The setting for the 2012 game Tokyo Jungle is a Tokyo post a cataclysmic event that has already exterminated the human species. Pets, zoo animals and dinosaurs remain, and the player takes control of these in a struggle for survival among overgrown, radioactive metropolitan ruins drenched in acid rain.
Both of these bleak visions of the dehumanized metropolis originate in Japan, a country containing 12 cities with populations exceeding one million (the Tokyo prefecture alone has more than 13 million inhabitants). But how do creative minds accustomed to life in the Nordic countries, where the largest city (Stockholm) has yet to reach a single million inhabitants, tackle the theme of urbanity?
Finnish game studio Colossal Order released the city building simulator Cities: Skylines in 2015, an unexpected, instant mega-hit. Part of its appeal is the opportunity to build the city of one’s dreams.
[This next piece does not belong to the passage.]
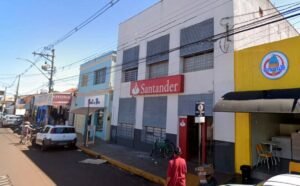 Funcionária de banco é presa por suspeita de desviar R$ 2,1 milhões de contas de idosos em SP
For instance, British youtuber Worth A Buy tells that he put the industrial area of his town next to the river, so that the waters may be polluted efficiently, ridding the waterways of those pesky ducks and swans. His own imaginary home is an isolated mansion at the peak of Bellend View, a penis-shaped road. Here, smoking drugs is legal and taxes are low. The “pyjama pants-wearing lazy scrubbers” are confined to a polluted, bed bug ridden district.
Such a perverted fantasy of class difference may not be what one would want to guide developmental policies in one’s home town, but according to game designer Karolina Korppoo, Cities: Skylines is actually used for testing potential new traffic patterns and prototyping new ideas for environmentally friendly city planning. For example, the city of Hameenlinna, Finland launched a competition in 2016 in which people could download a digital version of the city and create in-game suggestions for how a new part of town should be designed – an intriguing example of crowdsourcing.
Infrastructure like roads and sewers aside: Urbanist Charles Montgomery has said that the happy city is a social city. In the connected world it’s strangely enough easy to feel disconnected. Proclaiming art as an urban phenomenon is a cliché, but ever since shamanic visions and handprints were first painted on cave walls, art and such has been a means of communication – a social phenomenon. In addition to the absence of natural disasters, Cities: Skylines lacks the opportunity to build an art scene, so we’ll have to continue doing and arranging for creative activity in densely populated areas in the external world for yet another while.